[sr] Dictionary naming convention

puramoca021 · November 27, 2017, 11:36pm

Hi,

I have a question regarding dictionary naming convention.

Serbian language has two main dialects (ekavian and jekavian) for which I generated appropriate POS and synthetic dictionaries. However, I noticed that currently there is no LT language module that in directory org/languagetool/resource/<language> has more than one pair of files: <language>_synth.dict and <language>_synth.info . For Hunspell dictionaries situation seems clear.

The question is: Is it possible to have more than one pair of dictionary files (*.dict and *.info) in directory org/languagetool/resource/sr ? If not, should *.dict file be generated to include all words from both dialects?

Thanks and regards,
Zoltan

dnaber · November 28, 2017, 9:49am

sr/serbian.dict is hard-coded in SerbianTagger.java, which is created from Serbian.java. If you have a subclass like EkavianSerbian, which extends Serbian but returns a different Tagger, that would work. Having these subclasses is what other languages do (although usually the spelling dict is different, not the POS tagging).

tiagosantos · November 28, 2017, 9:58am

Dialects are usually address on the country code, but in Serbian Cyrillic and Latin variants it is tougher.
You may have to go the long route, creating a separate language like Simple German (…/languagetool-language-modules/de-DE-x-simple-language).

Alternatively, given that they use different characters, you can mesh both languages. Use one huge POS tagger and synthesiser dictionary, one huge speller dictionaries and rule sets, like a usual country dialect. You can even separate the rule file (grammar.xml) in two. See the Ukranian module for a good example.

Anyway, the second option may have fewer conflicts when interacting with country codes in other programs.

P.S. - Apologies Daniel, haven’t seen your reply.

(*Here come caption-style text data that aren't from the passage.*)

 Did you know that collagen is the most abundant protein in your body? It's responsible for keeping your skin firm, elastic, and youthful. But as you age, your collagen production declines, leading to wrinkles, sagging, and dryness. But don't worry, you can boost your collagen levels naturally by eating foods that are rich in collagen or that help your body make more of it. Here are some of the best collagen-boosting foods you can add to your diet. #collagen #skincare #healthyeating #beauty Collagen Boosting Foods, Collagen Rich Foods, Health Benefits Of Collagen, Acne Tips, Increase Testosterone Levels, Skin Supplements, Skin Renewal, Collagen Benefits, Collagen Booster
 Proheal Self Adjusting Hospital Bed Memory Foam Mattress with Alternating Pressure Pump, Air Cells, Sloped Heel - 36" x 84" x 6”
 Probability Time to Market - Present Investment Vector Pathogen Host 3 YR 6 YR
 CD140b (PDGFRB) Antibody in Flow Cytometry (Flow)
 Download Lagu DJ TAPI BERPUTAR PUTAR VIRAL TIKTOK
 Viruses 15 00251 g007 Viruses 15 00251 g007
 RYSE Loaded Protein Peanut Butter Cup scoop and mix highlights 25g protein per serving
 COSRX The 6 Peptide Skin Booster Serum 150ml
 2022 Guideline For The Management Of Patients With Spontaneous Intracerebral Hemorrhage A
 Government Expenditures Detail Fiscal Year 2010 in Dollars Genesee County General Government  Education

puramoca021 · November 28, 2017, 12:25pm

No, there is no Latin script anywhere. Entire LT support for Serbian language (and its dialects) uses Serbian Cyrillic alphabet only. Hence, two alphabets are not the issue.

If dialects are addressed on country level, then I think I did right: sr_RS should use Ekavian dictionary and sr_HR, sr_BA and sr_ME should use Jekavian dictionary.

If I understand correctly, the solution would be to derive different taggers from Serbian.java class and use them? If so, then the problem is solved. Please just confirm this is the right approach.

Big thanks,
Zoltan

dnaber · November 28, 2017, 12:33pm

Yes, but as you need to know which tagger is requested, you also need subclasses of Serbian.

puramoca021 · November 28, 2017, 12:58pm

Tagger selection is pretty straightforward - Ekavian tagger for sr_RS and Jekavian for other supported Serbian language codes. I will try and will shout if I get stuck.